I am looking forward to a bit of a break next week so we can recharge for the second half of our CSA season. The nice part is that we've already done much more than half of the work for the season. Once we get past mid-September we will mostly be harvesting and cleaning up for the season - very little planting and weeding to be done at that point :) I hope you all are doing well and have a great couple of weeks!
Recipes from Maria:
Toasted Garlic Romano Beans
Ingredients
1 pound Romano beans
1/2 cup grape tomatoes halved
2 cloves garlic minced
1 tablespoon chopped fresh rosemary
1 tablespoon chopped fresh parsley
1 tablespoon chopped fresh oregano
3 tablespoons extra virgin cold pressed olive oil
1 teaspoon coarse sea salt crushed
1 teaspoon fresh cracked black pepper
Instructions
Wash beans and tomatoes.
Pre- heat oven to 350° F.
Toss grape tomatoes with 1 tablespoon olive oil, a pinch of salt and pepper and a whole clove of garlic.
Spread on a parchment lined baking sheet.
Bake for about 10 minutes, remove and set aside.
While tomatoes are cooking, bring a large pot of water to boil and toss in green beans. Cook for about 2-4 minutes then take beans out and submerge in an ice bath to stop the cooking.
In a large skillet put 1 1/2 tablespoons olive oil and garlic till toasted a bit.
Toss in green beans and tomatoes, rosemary, parsley,and oregano.
Mix lightly but evenly coating all the vegetables about 2 minutes.
Finish with a dash of cracked coarse sea salt and black pepper.
And a finishing touch, drizzle 1/2 tablespoon olive oil.
Serve immediately.
Simple Ratatouille
Ingredients
1 large eggplant (aubergine)
1 large zucchini
3 tomatoes
1 bell pepper
1 onion, finely chopped
3 garlic cloves minced
1 tbsp oil
1/4 cup red wine or vegetable broth
1 tsp paprika
1 tsp brown sugar or any other sweetener
3/4 tsp sea salt (or less/more to taste)
1/2 tsp dried oregano
1/3 tsp smoked paprika
1/4 tsp red pepper flakes (or less if you don't like it too spicy)
1/4 tsp ground ginger
1 tbsp tomato paste
1 tbsp balsamic vinegar
Fresh thyme chopped roughly (to taste)
Black pepper to taste
Instructions
Chop all veggies (eggplant, zucchini, tomatoes, bell pepper) into 1-inch (3 cm) pieces. Finely chop onion and garlic.
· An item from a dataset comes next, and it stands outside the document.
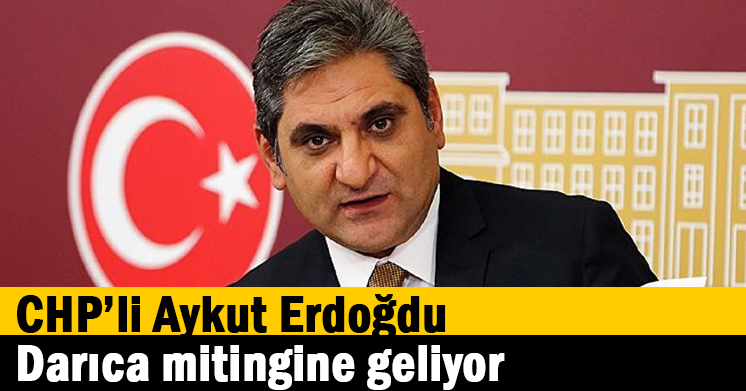 CHP’li Aykut Erdoğdu, Darıca mitingine geliyor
Heat oil in a skillet over medium heat, add onion and sauté for about 4-5 minutes or until lightly browned.
Add garlic and eggplant and cook for 3-4 minutes, then add the red wine and all spices. Let simmer on low-medium heat for a further 5-6 minutes, stirring occasionally.
Add all remaining ingredients (except tomato paste and balsamic vinegar) and cook for about 10 minutes or until the veggies are soft (but not mushy). If you prefer more sauce, add more red wine or broth.
Finally, add the tomato paste (you can add more than 1 tbsp if you want a thicker sauce) and the balsamic vinegar.
Taste and adjust seasoning. Enjoy! This easy Ratatouille recipe can be served with bread or rice.